Добавить в цитаты Настройки чтения

Страница 18 из 93



Впоследствии Салтыков очень иронически относился к этой своей повести и сам вышучивал ее и в своих произведениях, и в отдельных отзывах. В своей последней автобиографической записке 1887 года он сообщал, например, спутав даже заглавие повести: „Первую повесть „Недоразумение“ под псевдонимом Непанов я напечатал в Ноябрьской книжке Отеч. Зап. 1817 г. Помнится, Белинский назвал ее бредом младенческой души“. В четвертой главе „Дневника провинциала в Петербурге“ (1872 г.) автор иронически рассказывает о своей повести „Маланья“, написанной в сороковых годах; в шестой главе приводится некая маленькая новелла, написанная в те же далекие годы и о которой Белинский якобы сказал, что это „бред куриной души“. Белинский действительно выразился о „Противоречиях“ начинающего автора весьма резко, назвав эту повесть „идиотской глупостью“ [40]; этот отзыв, находившийся в письме Белинского к Боткину от 5 ноября 1847 г., стал известен Салтыкову к конце шестидесятых годов, когда письмо это впервые было напечатано, хотя и с некоторыми пропусками. Но и сам Салтыков, повидимому, очень скоро стал относиться к своей юношеской „Маланье“ вполне отрицательно. Свою вторую юношескую повесть, „Запутанное дело“, он включил позднее в том „Невинных рассказов“ (1863 г.), которые впоследствии целиком вошли и в его собрание сочинений; первую же свою пробу пера, „Противоречия“, он впоследствии никогда не перепечатывал, не включил ни в один из своих сборников, и она до сих пор остается совершенно не известной читателям собрания сочинений Салтыкова. И если Белинский в своем отзыве был, быть может, слишком строг, то Салтыков, не включая эту повесть в ряд позднейших своих сочинений, был во всяком случае прав [41].

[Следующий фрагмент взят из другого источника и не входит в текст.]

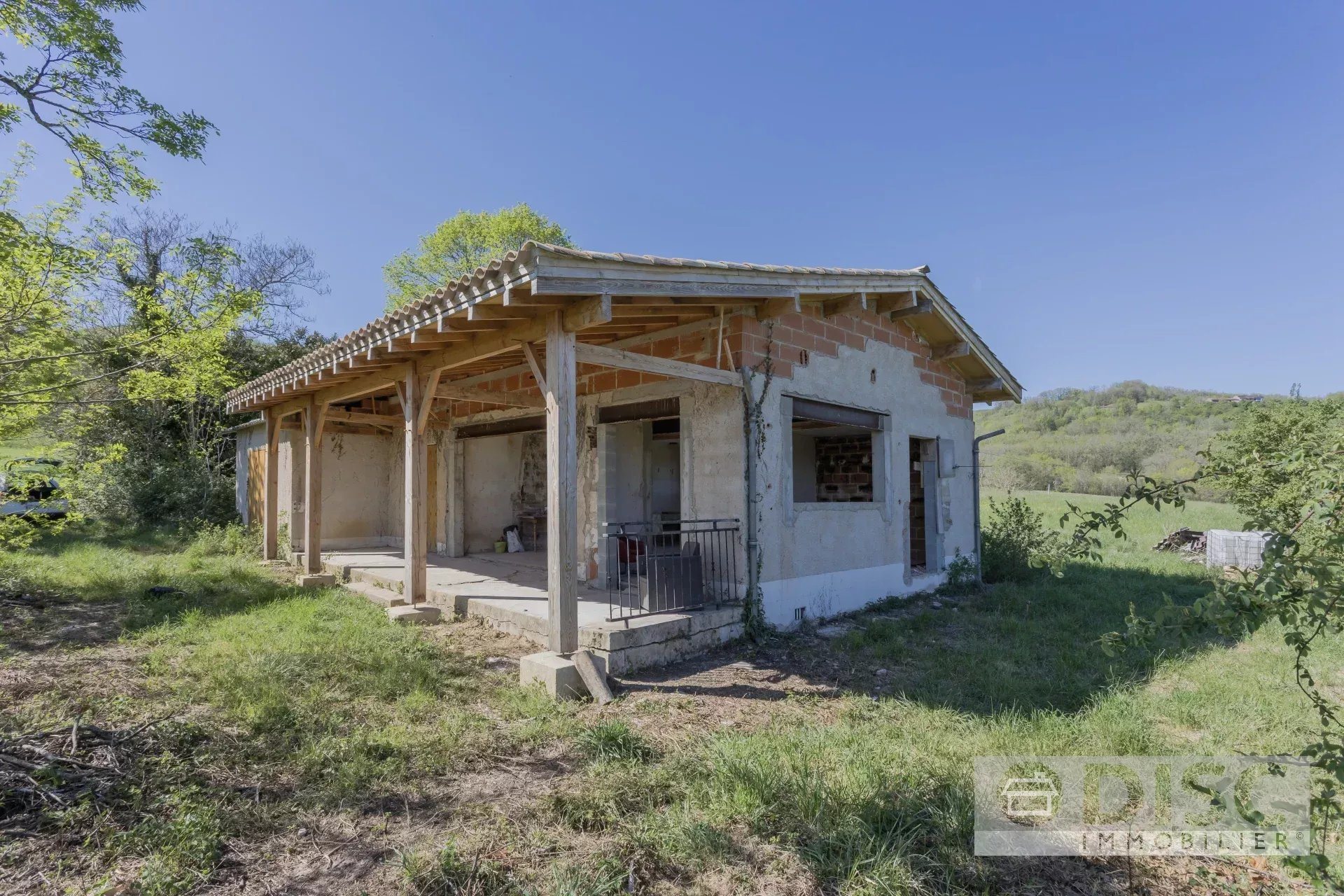 Maison à vendre, 100m², Varen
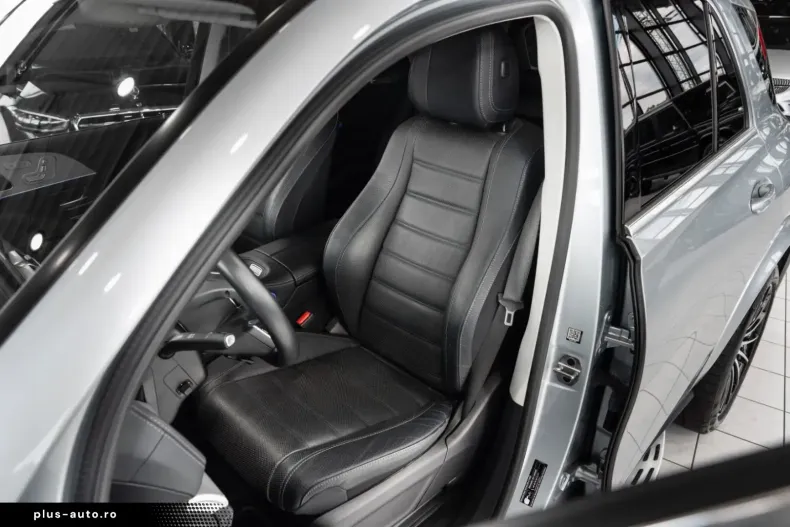 Mercedes-Benz GLE 400 din 2022 cu 63.517 km - oferta MER172836 - foto 19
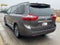 2020 Toyota Sienna Limited Premium 7 Passenger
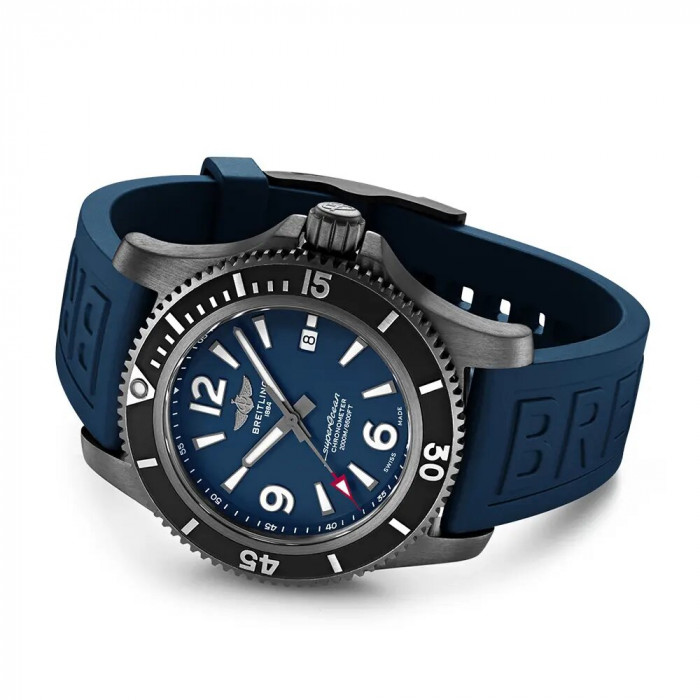 Breitling Superocean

„Запутанное дело“ появилось в тех же „Отечественных Записках“ через четыре месяца после первой повести Салтыкова, а именно в мартовской книжке журнала за 1848 год (стр. 50120). Надо признать, что за это короткое время автор сделал значительный шаг вперед; недаром он впоследствии, вычеркнув „Противоречия“ из числа своих сочинений, счел возможным сохранить среди них „Запутанное дело“. Молодой автор не мало, надо думать, трудился над новым своим произведением; так можно судить по крайней мере по сохранившемуся отрывку черновой рукописи его. Рукопись „Противоречий“, к сожалению, не сохранилась; но от „Запутанного дела“ до нас дошли 4 полулиста автографа, представляющего собой черновик самого начала повести [42]. Изучение этого черновика дает настолько значительные разночтения с печатным текстом, что последний может считаться основательно переработанным. Так, например, в черновой редакции было лишнее, хотя и эпизодическое, действующее лицо, Арина Тимофеевна, мать Мичулина, героя повествования; подробно рассказывалось в черновой рукописи о проводах Мичулина из родительского дома в столицу. Вообще же черновая рукопись представляет собою очень подробное вступление, в печатном тексте сведенное лишь к немногим строкам. Молодой автор, как видно, много работал над этой второй своей повестью, которую на этот раз решил подписать не псевдонимом, а первыми буквами своего имени и фамилии: М. С.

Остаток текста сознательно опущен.